Vegetables and fruits Thanks to this guide, pesticide residues can be cleaned up and removed.

1. What types of pesticide residues can be found in fruits and vegetables?

Organophosphorus pesticides, organochlorine pesticides, carbamate pesticides, pyrethroid fertilizers, and so on can be classified based on their properties.

Acidic fertilizers, alkaline pesticides, and neutral fertilizers are classified according to their acidity.

Water-soluble fertilizers, fat-soluble water testing tds meter fertilizers, and so on can be classified based on their solubility.

Fertilizers are classified according to their efficacy as insecticides, acaricides, fungicides, herbicides, and so on.

2The Cleaning Principle

1Physical force elution: lifting abrasion physical contact elution according to cleaning.

2. Elution of solubility: direct melting followed by elution.

3Chemical reactive elution: high temperature decomposition after melting elution based on the acid-base reaction.

4, deterioration.

3. What methods are used to remove pesticide residues from fruits and vegetables?

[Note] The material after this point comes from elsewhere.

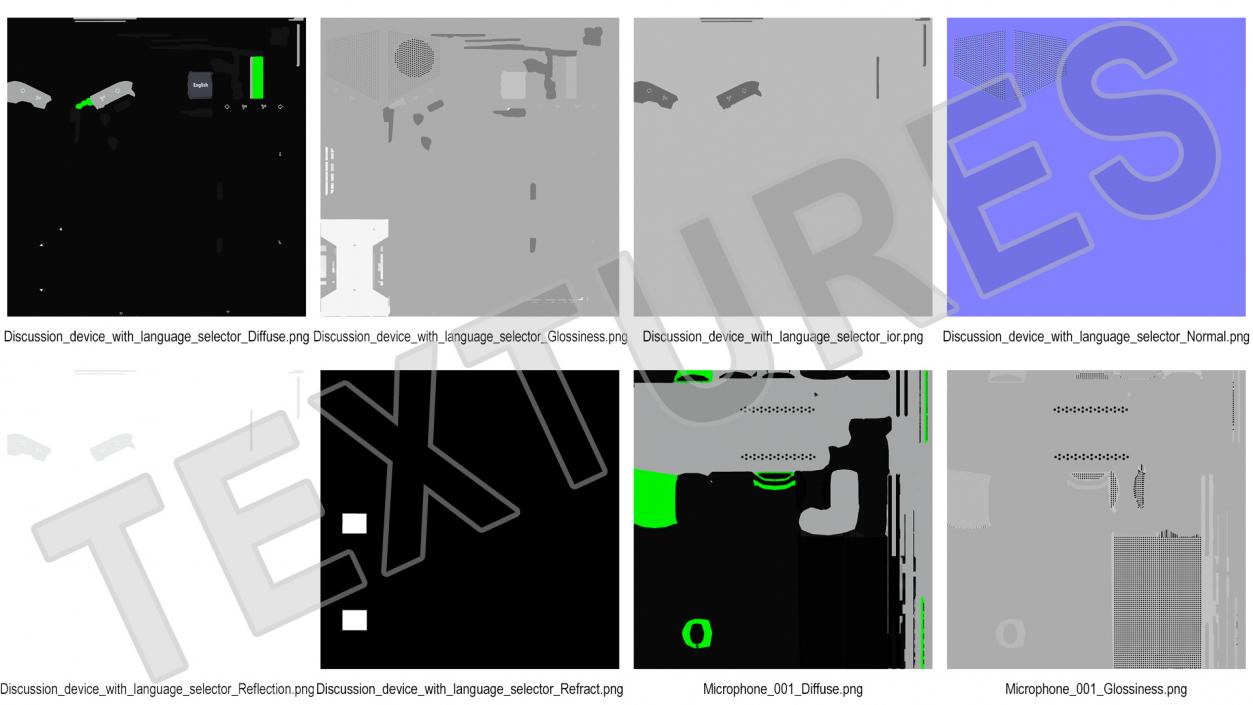 Wireless Discussion Device with Language Selector 3D model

1. washing method by immersion

Spinach, cabbage, and other leafy vegetables can be cleaned with edible alkali solution or rice wash water soak 5 minutes up and down, followed by a gentle hand wash, and then rinse with water; allow the case to be cleaned with water, or cleaned with an ultrasonic instrument, and then washed with flowing water.

2Heating technique

Beans, cauliflower, and other beans, as well as brassica vegetables, can be scalded for 1 minute up and down before cooking, allowing the fertilizer that is easily decomposed by heat to dissolve in the water and then rinsed with water.

3Lighting technique

Apples and other nuts and fruits should be placed in the sunlight for 5 minutes to allow the fruits and vegetables to decompose and effectively remove organophosphorus pesticides.

4, method of storage

East melon, pumpkin, and other melon vegetables can be treated a few days before consumption with ingredients from their own basic metabolism to break down a portion of the residual fertilizer.

5The peel method

Potatoes, cucumbers, apples, pears, and other fruits and vegetables with skin have the majority of their pesticide residues on the surface, and the peeling method can be very effective in removing the majority of their pesticide residues.

4What should I look out for when cleaning?

1. It is preferable not to destroy its structure before cleaning it.

After folding picking, do the first clean up in the cleaning process to effectively avoid the fertilizer in the clean-up time into the tissue inside. For example, hand-torn cabbage should be cleaned first after tearing it; strawberries should be cleaned first, and then the strawberry tips removed; and beans should be cleaned first after being whole, and then picked into small sections.

2. The longer the soak time for cleaning up, the better.

According to research, soaking time of 5-15 minutes on all types of fertilizer removal rate is more balanced. If soaking time is too long, fertilizer may be adsorbed in fruits and vegetables again.

3, when cleaning different types of fruits and vegetables, separate them as much as possible

Fruits and vegetables fertilizer are mostly attached to the surface, so pay attention to the different types of separation when cleaning. Cross-contamination may occur if the litchi and strawberries are cleaned together.

Related Hot Topic

Can we drink water with 250 ppm?

Typically, water with a PPM level of 50 to 150 is regarded to be excellent for drinking. Anything beyond 1000 PPM is dangerous, while 150 to 250 PPM is good for consumption and 250 to 300 PPM is typically a norm for drinking water.

What drawbacks does RO water have?

Reverse osmosis water filtration's drawbacksconsiderably more water is wasted than is produced. Wasted water is one of the main drawbacks of reverse osmosis water systems.Reduces pH and Removes Beneficial Minerals from Water.Expensive Maintenance Needed and Expensive Installation.

Why does water have a high TDS?

Elevated TDS has been linked in the US to naturally occurring environmental features like seawater intrusion, carbonate deposits, salt deposits, and mineral springs; however, other possible sources include road salts used for de-icing, anti-skid materials, chemicals used in drinking water treatment, stormwater runoff, and agricultural runoff.